Драпировка в европейском искусстве эпохи Возрождения отнюдь не сводилась к попыткам рабского копирования античных средиземноморских традиций. Со времен позднего Средневековья в Северной Европе появилась своя собственная концепция того, как должна выглядеть ткань на изображениях, концепция эта опиралась на аутентичную готическую традицию и не нуждалась в опоре на авторитет античности. В Германии и в Нидерландах развевающиеся уголки покровов и массивные подолы одежд, широко раскинутые по полу или по земле, появляются на протяжении двух веков снова и снова, вырезанные из дерева, отлитые в металле, на картинах и на гравюрах — вне всякого античного аллюзивного контекста. Взамен в изображении ткани вырабатывается совершенно самостоятельный, чисто готический лексикон «жестов» и «фраз»; одним из довольно рано появившихся в северной традиции фирменных знаков является развевающийся уголок одежды — притом что вся атмосфера изображения остается спокойной, как это происходит с шарфом стоящего на лестнице человека в «Снятии с креста» Рогира ван дер Вейдена. Этот одинокий взметенный ветром уголок на фоне массы других, совершенно неподвижных предметов одежды, «рифмуется» с беспокойным множеством замявшихся под самыми неожиданными углами друг к другу складок, пусть даже они и находятся в состоянии покоя; такое впечатление, что в нем воплощается вся нервическая энергия, все то бескрайнее, хотя и не проявленное до поры обилие возможностей, которое таится в материи, главном мирском богатстве Северной Европы.
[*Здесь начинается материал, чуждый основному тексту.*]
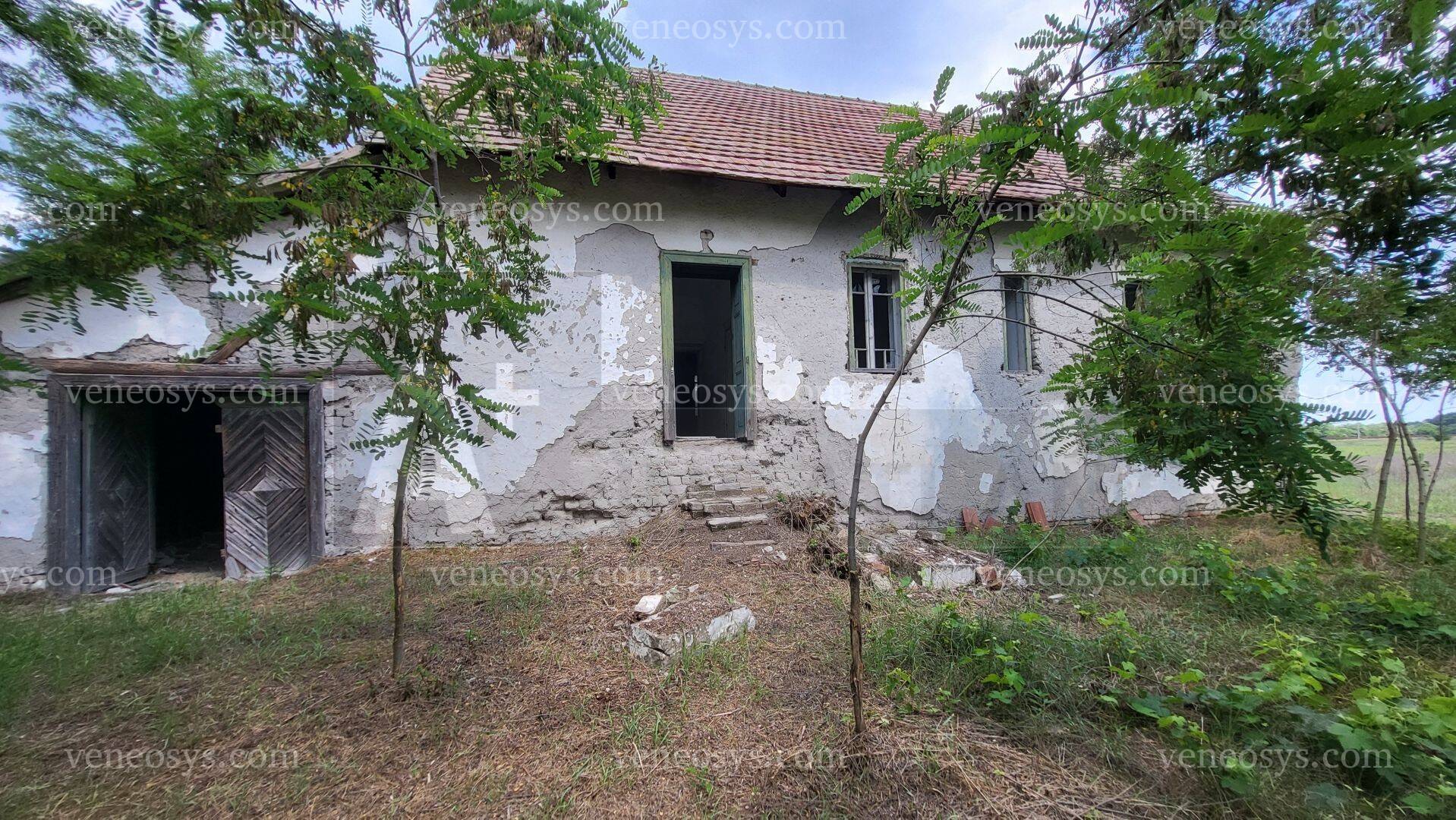 Kép 11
Одеждам на всех этих полотнах свойственна совершенная целостность. Сколь бы многочисленны ни были и под какими бы углами ни разбегались складки, платье остается безупречным; и в этом своем жизнеподобии самостоятельная, отдельная от человеческого тела витальность драпировки становится куда убедительнее, чем того можно было бы добиться за счет каких-либо искусственных эффектов.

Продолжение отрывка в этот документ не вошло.